Drinking soda may raise your risk of liver cancer according to European Journal of Nutrition study. The study found people who drank six or more soft drinks per week were 83% more likely to develop liver cancer than soda-free folks. It is speculated the liver quickly absorb sugars in soda and converts them to fat, which in turn builds up on the organ and causes inflammation. As for diet soda, each one you drink weekly could raise your cancer risk by 6%.

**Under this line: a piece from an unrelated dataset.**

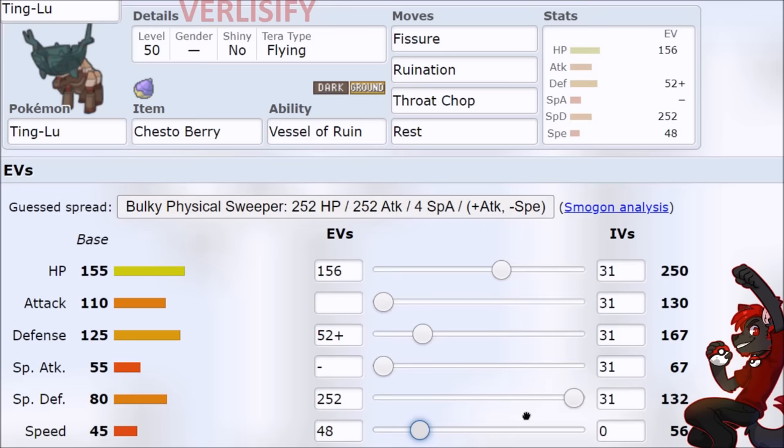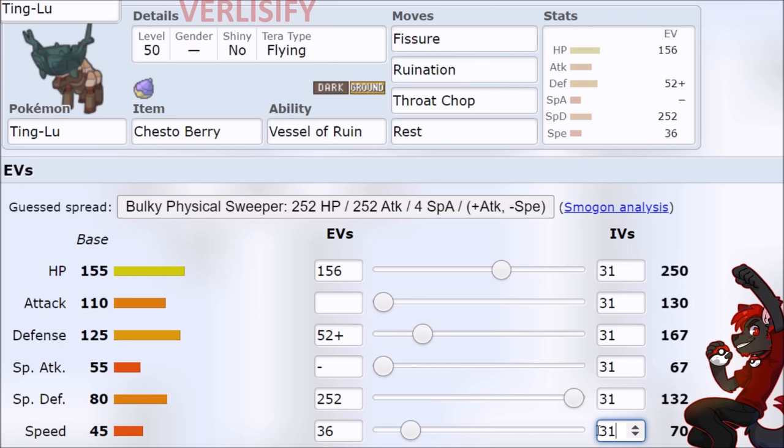So there's also a world where you can cut some hit points and then get speedy. All right, so here's a Hippo. Here's maybe where Hippo speed creeps or something. So we need to catch 69. And yeah, that means we're actually putting 36 speed EVs into the 45 base speed Pokemon. It was at zero IVs, which is why it looked weird. So make sure you have max speed on Ting-Lu.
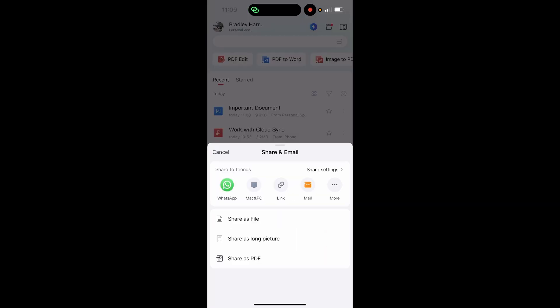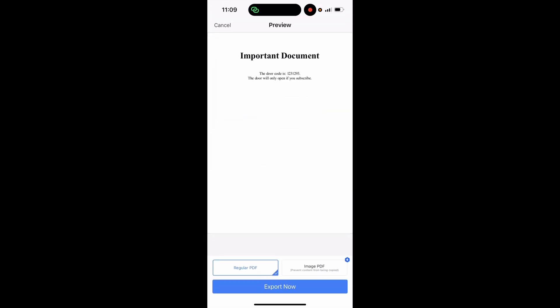Once you've clicked on that, you will then see WhatsApp. You can share as a link, a file, or share as a PDF. Now if you click on the WhatsApp button or the link icon, it's going to generate a link and create a collaborative link. But if we just want to share the PDF file, click share as PDF.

“It’s important to visualize what it means when a soda label says it has 65 grams of sugar in a 20-ounce drink,” says Danielle Capalino​, a registered dietitian practicing in New York. “Every 4 grams of sugar is equivalent to about 1 teaspoon, which means there are about 16 teaspoons of sugar in a 20-ounce drink. Drinking soda is drinking empty calories. It is sugar with no nutrients – no protein, no fiber, no vitamins.” 

To help control your soda habit, Capalino advises people cut their soda intake in half – take small steps each day to reach your goal.   

“I often hear people trying to swap regular soda for diet soda as a way to transition from the sugar. I don’t think that’s a good idea because artificial sugar makes you seek sweetness in other foods, so in the end you are not saving any calories," she says.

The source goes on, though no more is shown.